I came to La Cusinga almost three years ago not knowing what to expect.  My first time through here was characterized by a lack of understanding and appreciation on my part as well as an inability to recognize or connect with the local "flavor" that would make for a coherent package for out guests.  I now feel as if I have made a "connect" with the property and the vision.  I am not completely satisfied and hopefully, never will be, until we are able to produce, right here at La Cusinga, the greater share of the produce we serve.  However, the groundwork has been laid with local farmers and the availability and quality of organic produce is impressive.

Now at La Cusinga I serve a variety of organic lettuces and braising greens.  My salads include wedges or slices of rich red tomatoes as well as sweet !00 and yellow pear cherry tomatoes.  I roast organic beets and marinate them in balsamic vinegar to be served alongside the lettuces and topped with a locally made organic goat cheese.

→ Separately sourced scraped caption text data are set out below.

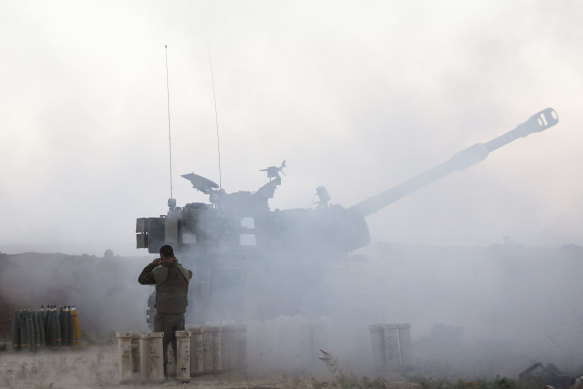 An Israeli soldier operates an artillery unit as it fires near the border between Israel and the Gaza Strip on May 18, 2021 in Sderot, Israel. 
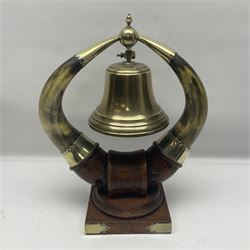 Early 20th century oak and horn dinner bell, the silvered bell suspended from a pair of cow horns, with silver plated mounts and blank shield shaped cartouche, upon square base, H37cm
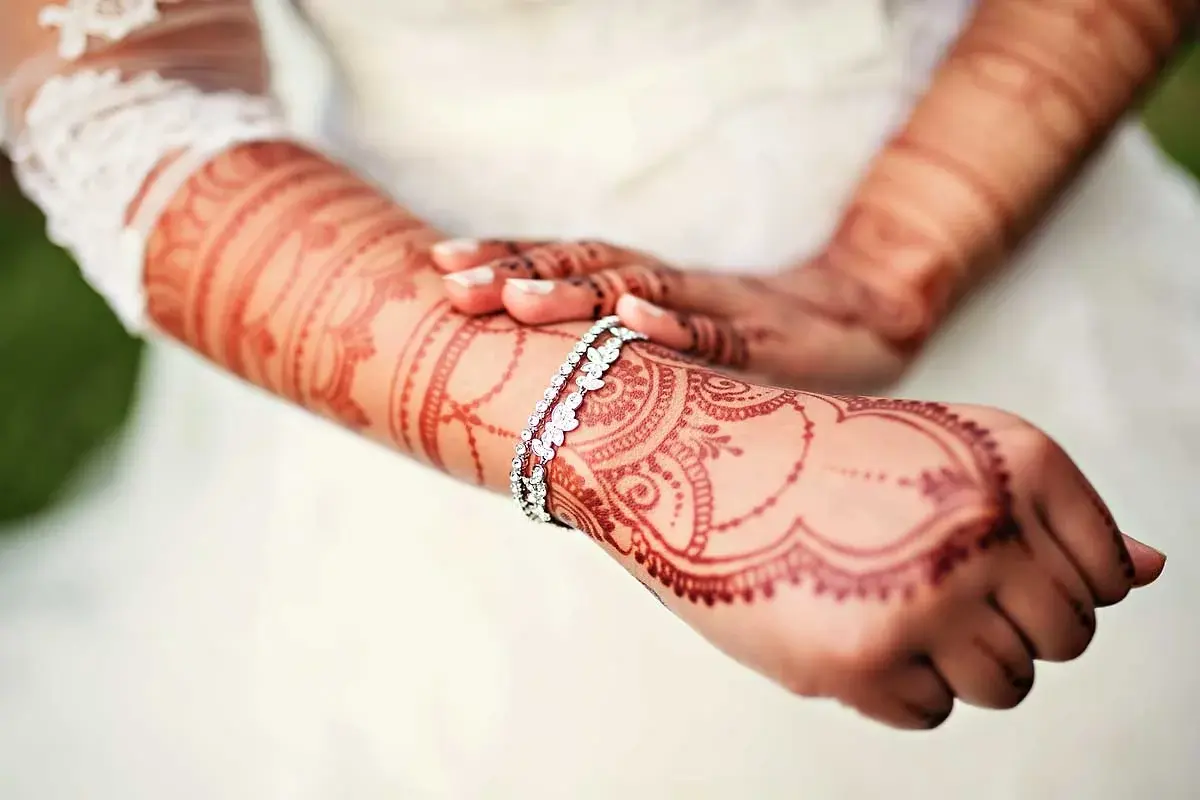 Close-up of bridal mehndi arms crossed, large flowing paisley design on forearms with diamond bracelet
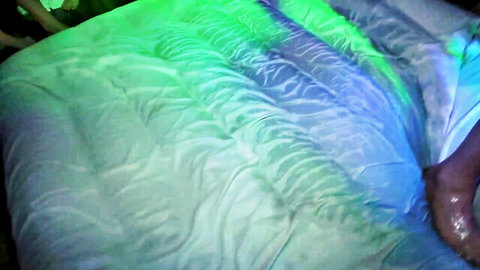Neon green lit white sheets with bare foot and toes on bed in dimly lit room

My soups are made from roasted and steamed local organic vegetables and tiny organic yellow creamer potatoes have found their way onto my plates, nestled against filets of locally caught fish.
I am now using a local organic cocoa powder that still contains the nuggets of cocoa butter unlike the fined cocoa powder in the markets.

And better still, I am able to use palmito (hearts of palm), ginger, cilantro and its sawtooth leafed cousin culantro coyote, mangoes, hot and sweet chiles, mandarina limes and yucca root from our own Finca Tres Hermanas to serve in my dining room at La Cusinga.   The connection from jungle and farm to table is evolving.  May it continue to grow.